Aussi bien, est-ce la partie
que ceux-ci ont choisie d’isoler, prélever et reproduire ici, sans égard pour
tout ce que chacune de leurs lettres pouvait contenir d’autre, recomposant
quelque chose comme un échange, un dialogue, un entretien
politique-révolutionnaire au long des années.
Le titre de ce livre :
« sur le peu de révolution » s’est imposé aux auteurs au fil de leur
échange. C’est une fois celui-ci terminé qu’il leur est apparu être aussi, en
partie, le titre d’un texte d’Alain Jouffroy : « Discours sur le peu
de révolution », inconsciemment inspiré par lui, peut-être. Ils ont
toutefois désiré le conserver, en forme d’hommage. ».

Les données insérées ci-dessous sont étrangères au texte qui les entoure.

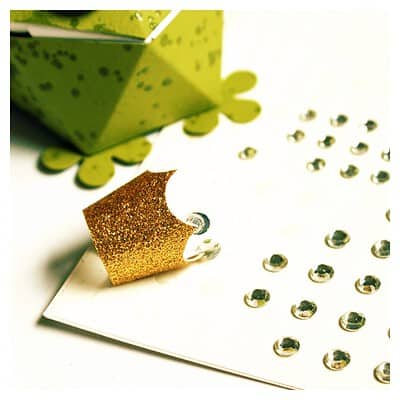 Goldene Geschenkverzierung mit Glitzer, Schmucksteinen und Geschenkbox für kreative Dekorationen bei Handmade Kultur.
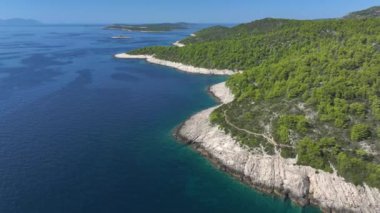 Adriyatik adası Hvar 'ın engebeli kayalık bir kıyı şeridi boyunca uçuyor. Uçsuz bucaksız mavi deniz ufukta ve vahşi takımadaların arasında uzanır. Hvar adasının uzak bir köşesinde çekilmiş..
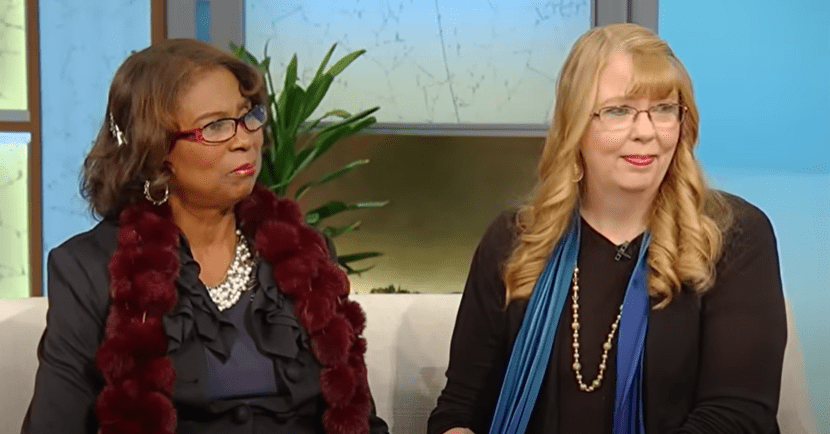 two women sitting on a couch at a talk show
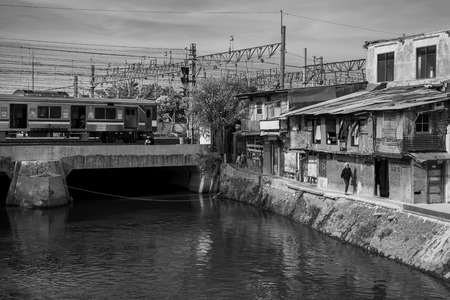 Train passes a bridge on a river by a slum in Jakarta, Indonesiaのeditorial素材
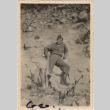 Man leaning against rocky hillside (ddr-densho-466-358)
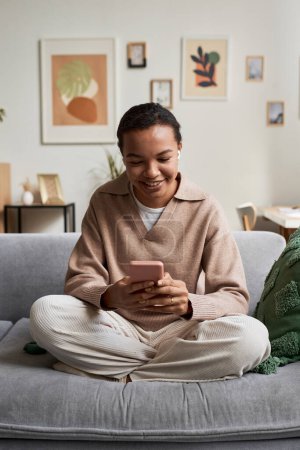 Retrato de larga duración de una chica negra sonriente usando un teléfono inteligente con auriculares inalámbricos mientras navega por las redes sociales sentado con las piernas cruzadas en un acogedor sofá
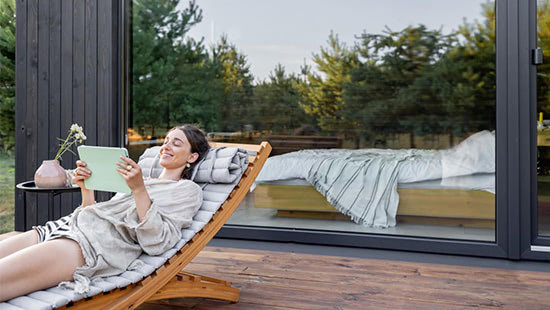 person on a sunbed holding a tablet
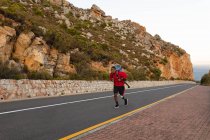 Ein fitter, behinderter Mixed-Race-Athlet mit Beinprothese, der seine Zeit auf einem Ausflug in die Berge, beim Wandern und auf der Straße am Meer genießt. Aktiver Lebensstil mit Behinderung. — Stockfoto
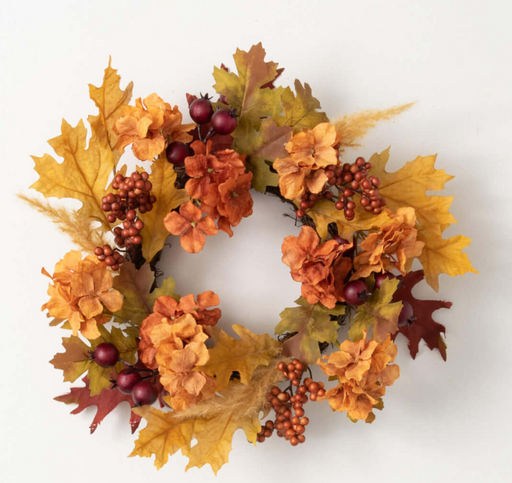 Autumn-themed wreath with leaves and berries on a white background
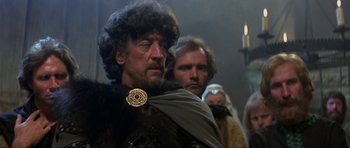 Movie still from “Dragonslayer” (1981), directed by Matthew Robbins – A man wearing a fur coat with a beard and a gold medallion; Close Up shot, Over the shoulder angle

Ce livre fait suite, ou du
moins écho, à celui que je vous recommande depuis peu de temps et qui s’appelle
« De l’argent. La ruine de la politique ». D’ailleurs, ce qui suit en
est un commentaire fort à propos.
Bernard Noël : « La
première fois que j’avais lu : « La victoire la plus grande de la
politique : contraindre au bonheur des foules », j’étais un peu
sceptique, mais ces derniers jours les informations vantaient ce bonheur social
des français. Et Fabius vient d’y ajouter en reprenant le rite de la Confirmation.
Tu me donnes envie de relire « Le bonheur dans l’esclavage »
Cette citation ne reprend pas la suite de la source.